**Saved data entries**
· · · ·

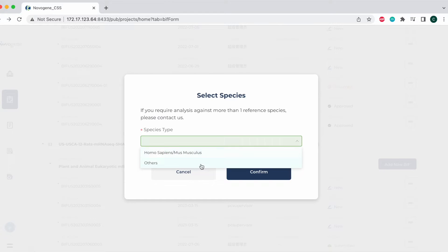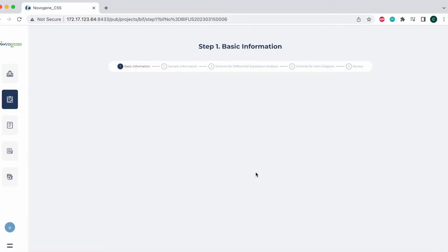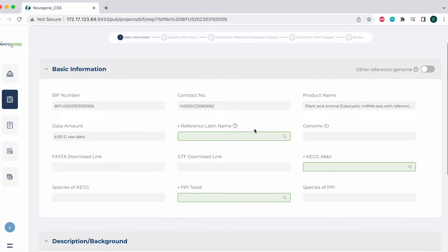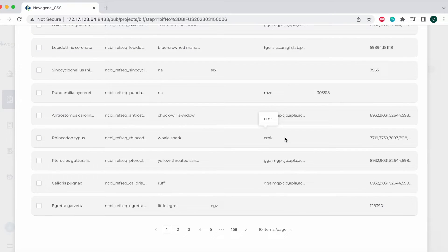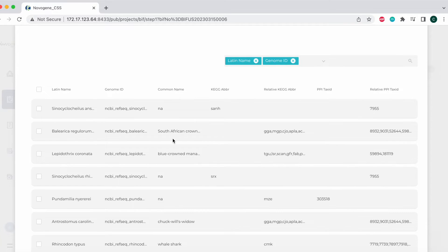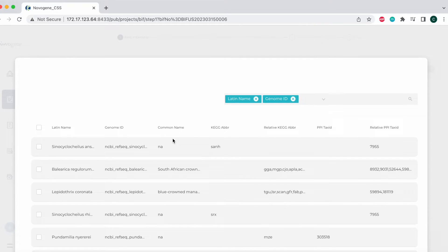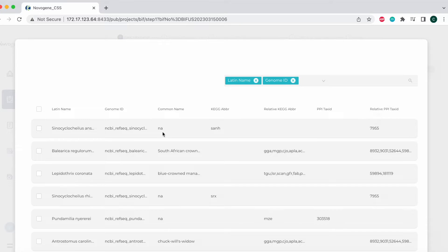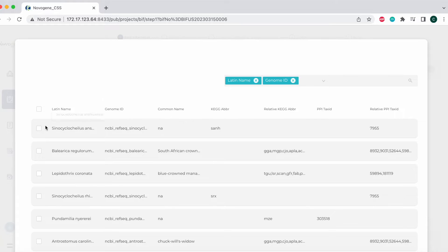If you select other as the selected species type, you will need to fill in the reference Latin name, CAG abbreviation, and PPI tax ID by clicking on the magnifying glass. When you do so, it'll bring up a different section that you need to fill out, and depending on whatever Latin name you select, it will give you the relative and associated CAG abbreviation and the PPI tax ID. You cannot mix and match CAG abbreviations and PPI tax IDs. Whatever is listed for that Latin name is what you will use.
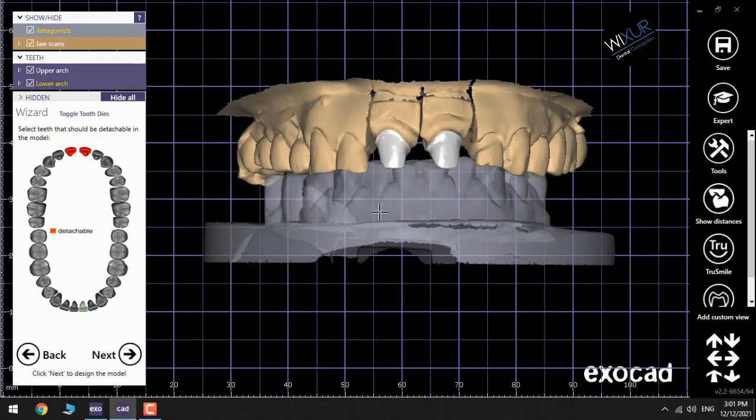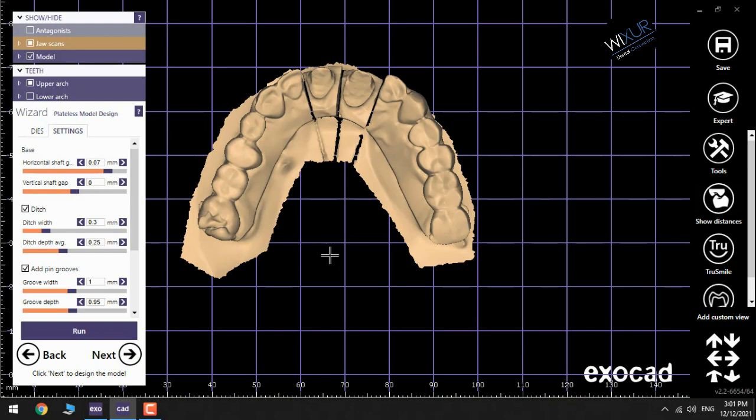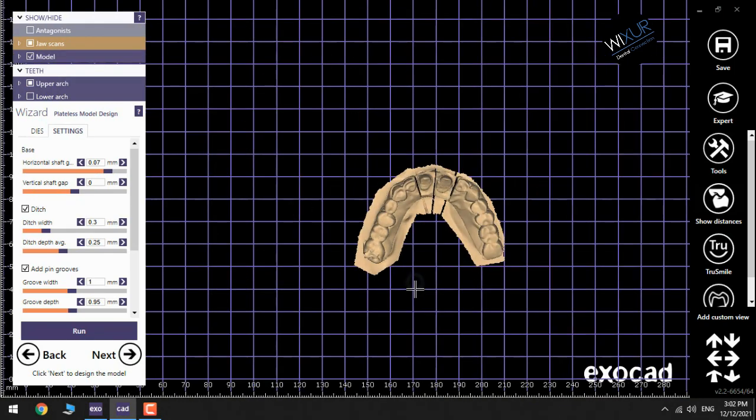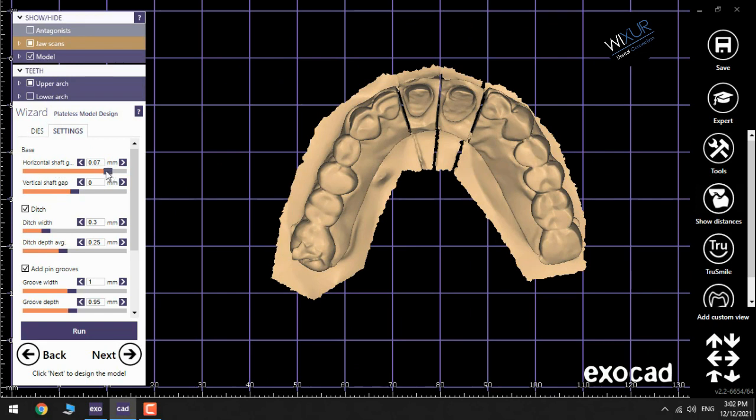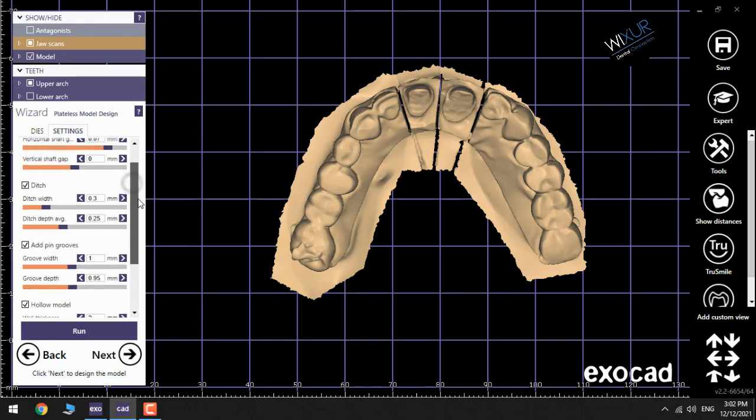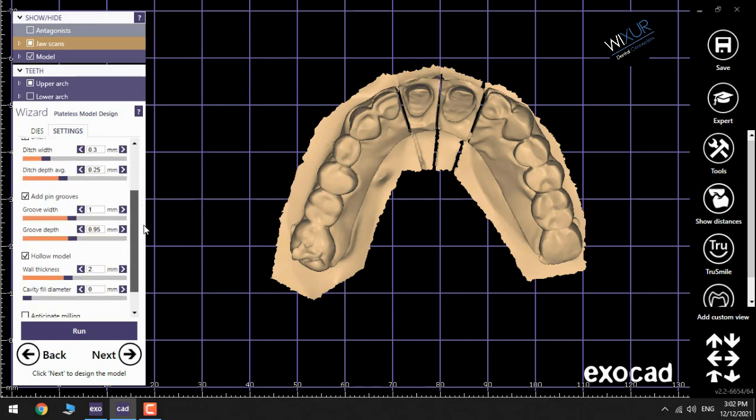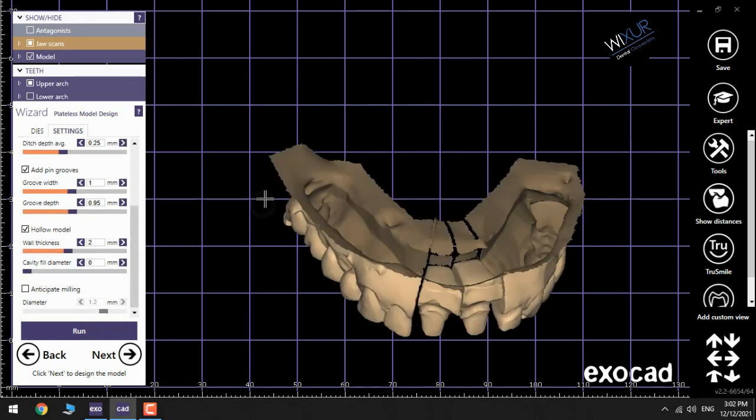There we have extra options for bass stitch, pin grooves, and also for the model to be in a hollow position. I use usually default settings and I make sure that the box of Hollow Model is checked because I need the model to be like this. Click Run.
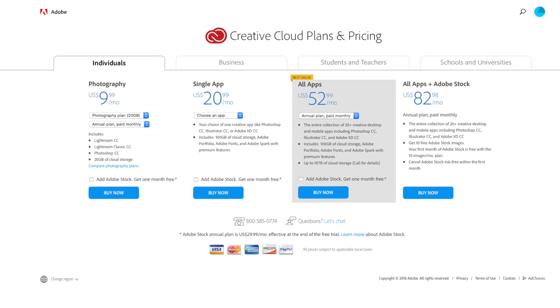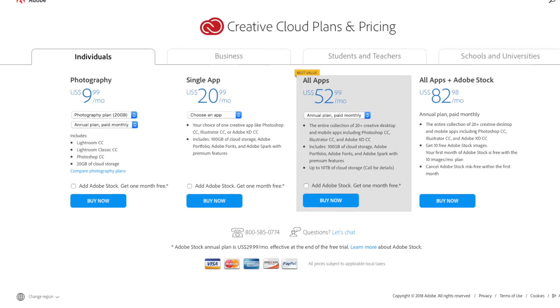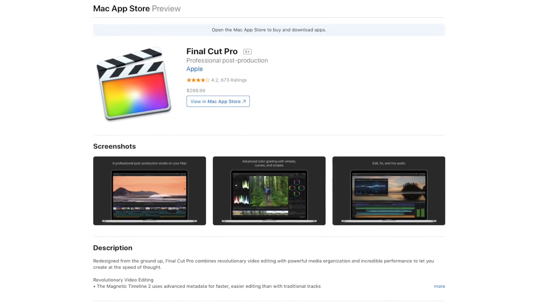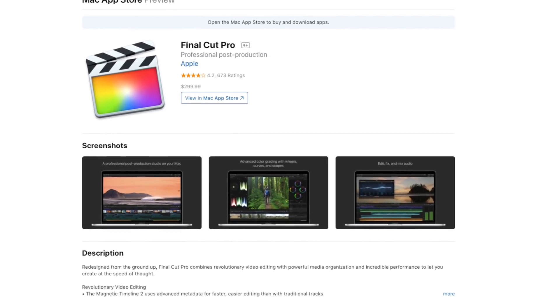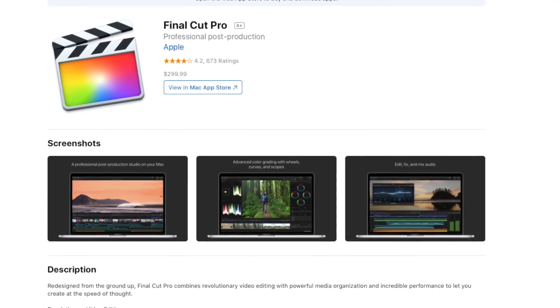One of the big issues with Premiere is that Adobe has put all their software on a monthly subscription, which means you're paying every single month. Initially you might say it's only fifty dollars a month while Final Cut is a few hundred dollars, but over time it will definitely add up to the point where Premiere has cost you a ton more than Final Cut ever did.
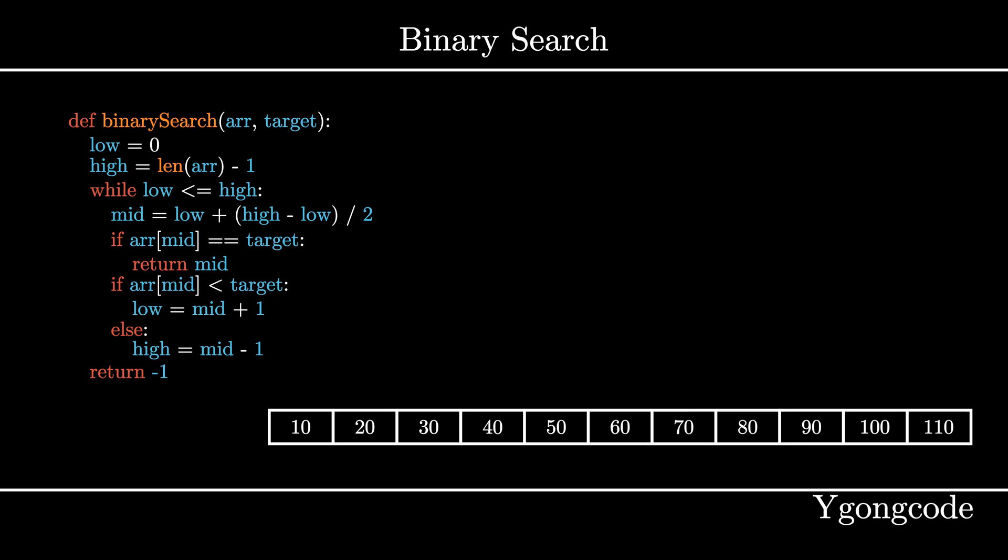If the middle element matches our target, we're done. If the middle element is greater than our target, that means the target is somewhere in the left region from the middle element. If the middle element is less than our target, that means the target is somewhere in the right region from the middle element. We repeat this procedure until we either find our target, or we have searched the entire array.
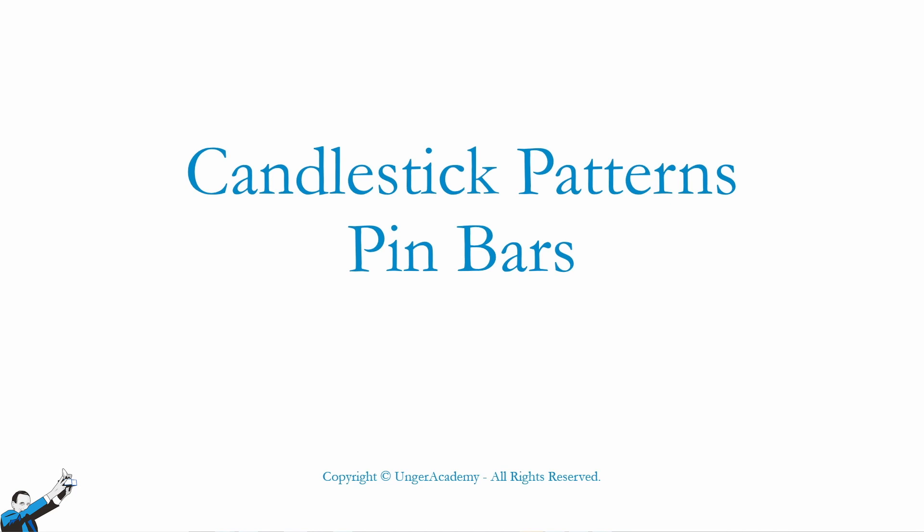Hey everybody, I'm one of the coaches of Unger Academy and I welcome you to this brand new video where today we're going to be talking about pin bars, one of the most famous candlestick patterns out there.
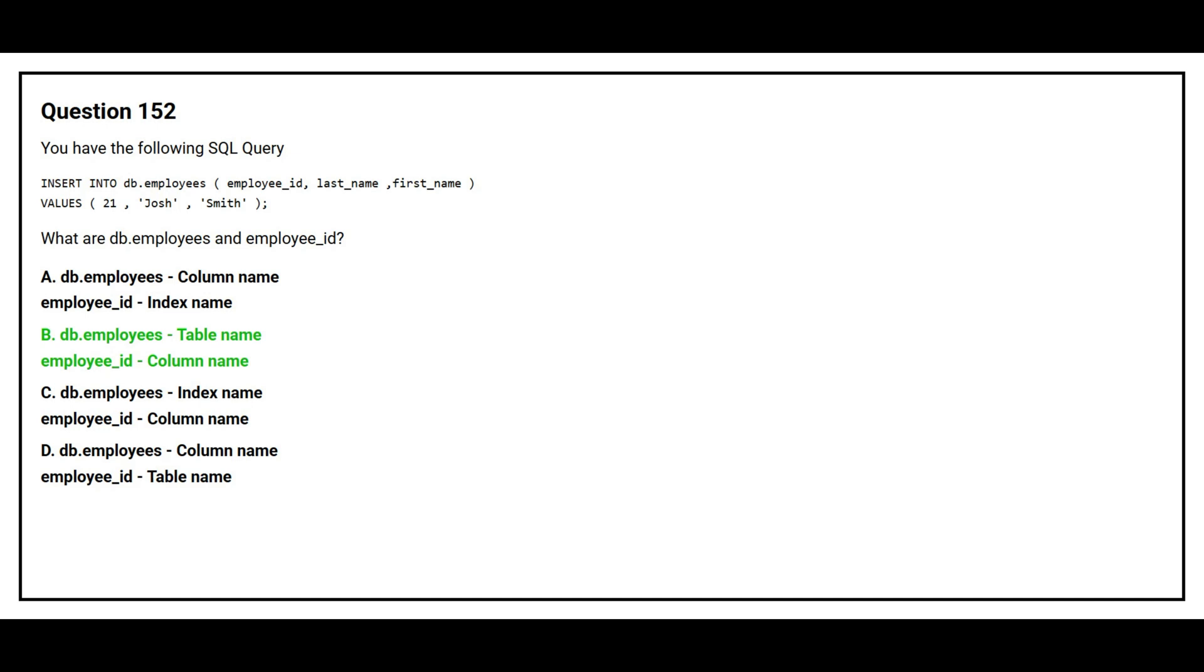The correct answer is option B. dp.employees table name, employee underscore id column name.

· · · ·

**EXERCISE REQUIREMENTS**
Return only the lines from the one that contains "If the middle element matches" through the closing line of the data, inclusive, reproduced exactly and with every picture left out.

**YOUR SOLUTION**
If the middle element matches our target, we're done. If the middle element is greater than our target, that means the target is somewhere in the left region from the middle element. If the middle element is less than our target, that means the target is somewhere in the right region from the middle element. We repeat this procedure until we either find our target, or we have searched the entire array.
Hey everybody, I'm one of the coaches of Unger Academy and I welcome you to this brand new video where today we're going to be talking about pin bars, one of the most famous candlestick patterns out there.
The correct answer is option B. dp.employees table name, employee underscore id column name.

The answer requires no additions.